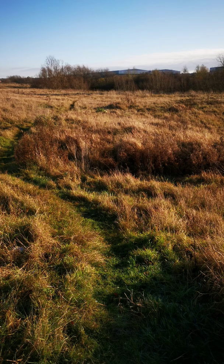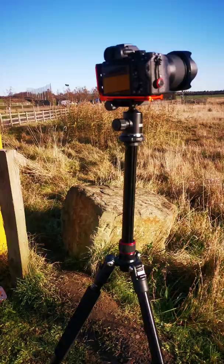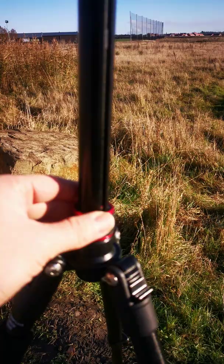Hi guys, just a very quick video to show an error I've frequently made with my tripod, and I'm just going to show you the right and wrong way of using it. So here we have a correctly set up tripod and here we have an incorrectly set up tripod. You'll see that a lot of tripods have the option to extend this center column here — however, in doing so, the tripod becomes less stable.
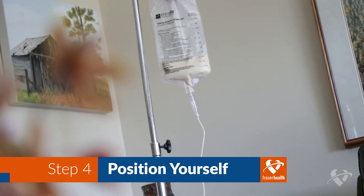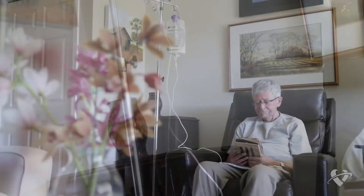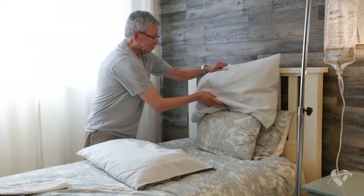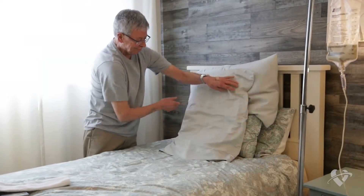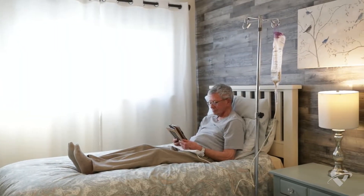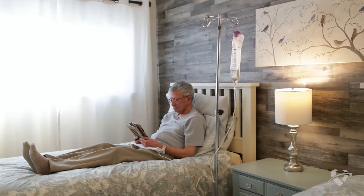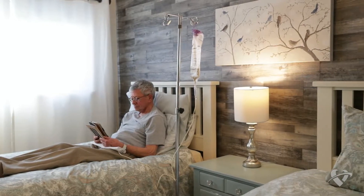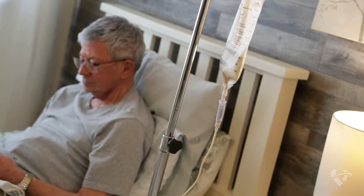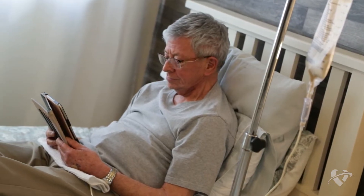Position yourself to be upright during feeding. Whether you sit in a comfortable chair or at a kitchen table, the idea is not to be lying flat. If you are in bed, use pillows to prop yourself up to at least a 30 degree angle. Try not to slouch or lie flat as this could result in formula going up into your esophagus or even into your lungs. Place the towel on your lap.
■ ■ ■ ■ ■ ■ ■
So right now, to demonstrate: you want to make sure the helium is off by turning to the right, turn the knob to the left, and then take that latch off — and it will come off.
■ ■ ■ ■ ■ ■ ■
Given the entries above, transcribe exactly the lines from the one holding "Hi guys, just" through the one holding "Position yourself to"; pictures do not belong in the transcription.

[Reply to the exercise]
Hi guys, just a very quick video to show an error I've frequently made with my tripod, and I'm just going to show you the right and wrong way of using it. So here we have a correctly set up tripod and here we have an incorrectly set up tripod. You'll see that a lot of tripods have the option to extend this center column here — however, in doing so, the tripod becomes less stable.
Position yourself to be upright during feeding. Whether you sit in a comfortable chair or at a kitchen table, the idea is not to be lying flat. If you are in bed, use pillows to prop yourself up to at least a 30 degree angle. Try not to slouch or lie flat as this could result in formula going up into your esophagus or even into your lungs. Place the towel on your lap.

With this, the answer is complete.